──────── DATASET CONTENT
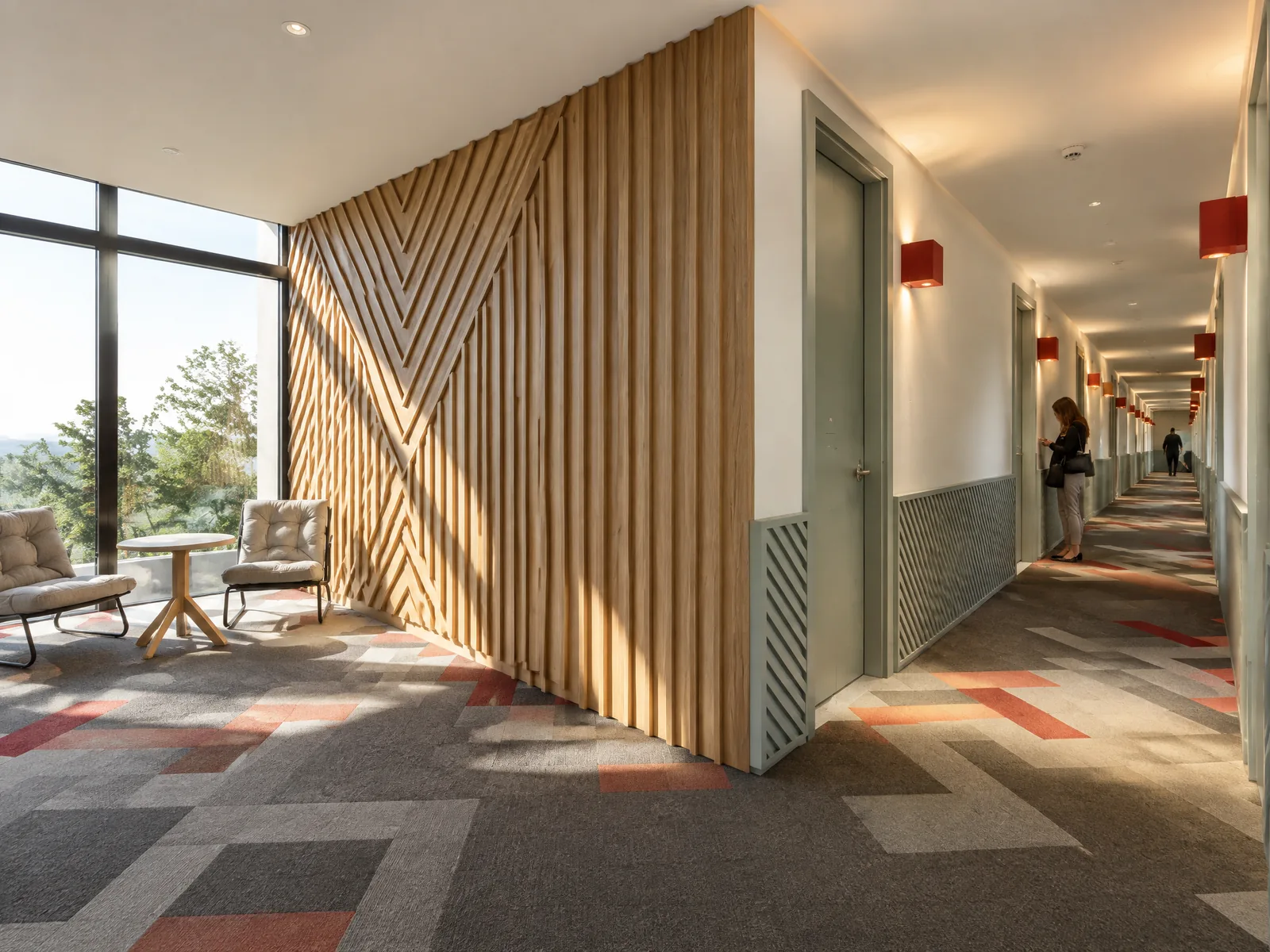 RIVER PARK — Pasillo de habitaciones del hotel IBIS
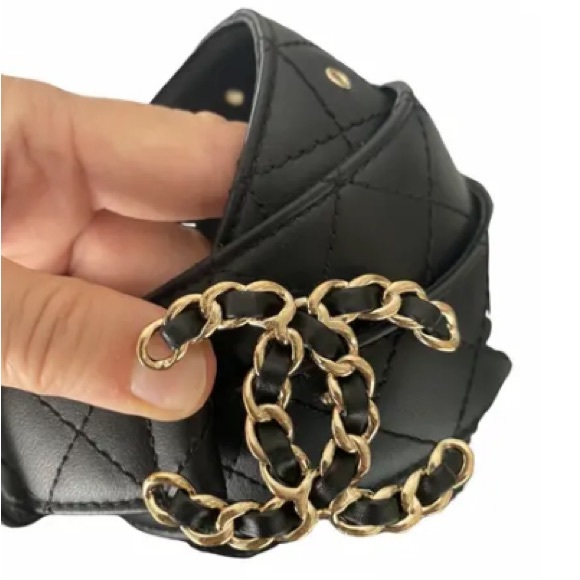 New!  2024 Chanel Calfskin Quilted Logo Belt - Picture 1 of 6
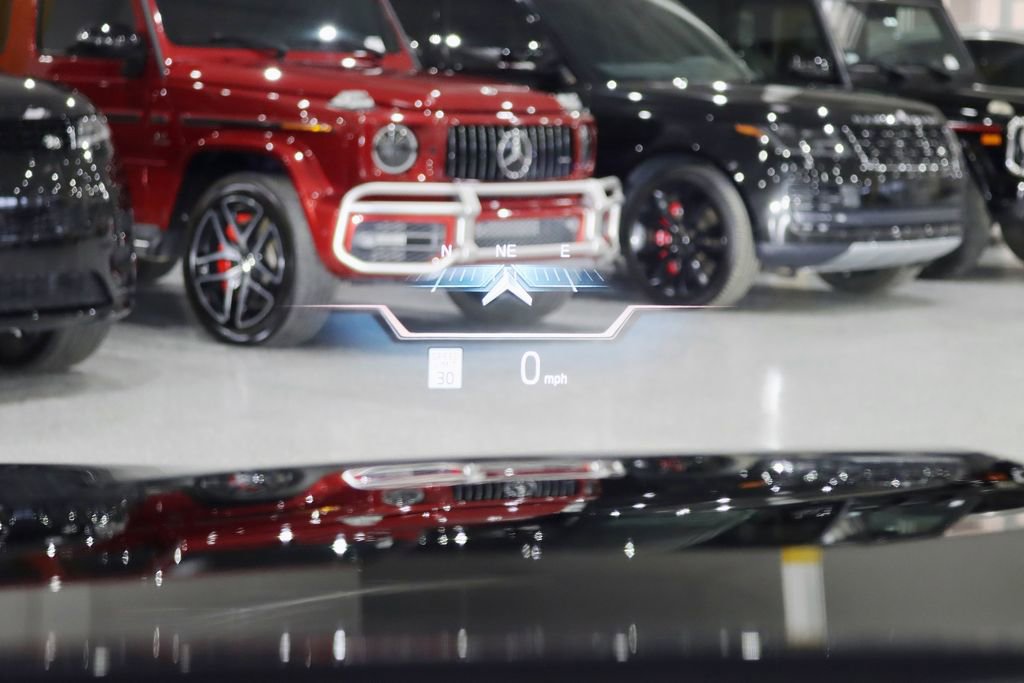 Used 2023 BMW i7 xDrive60 w/ Executive Package 2 image 18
────────────────
** EXERCISE REQUIREMENTS **
Every line above is to be written out unchanged, with the pictures omitted.

** THE ANSWER **
 RIVER PARK — Pasillo de habitaciones del hotel IBIS
 New!  2024 Chanel Calfskin Quilted Logo Belt - Picture 1 of 6
 Used 2023 BMW i7 xDrive60 w/ Executive Package 2 image 18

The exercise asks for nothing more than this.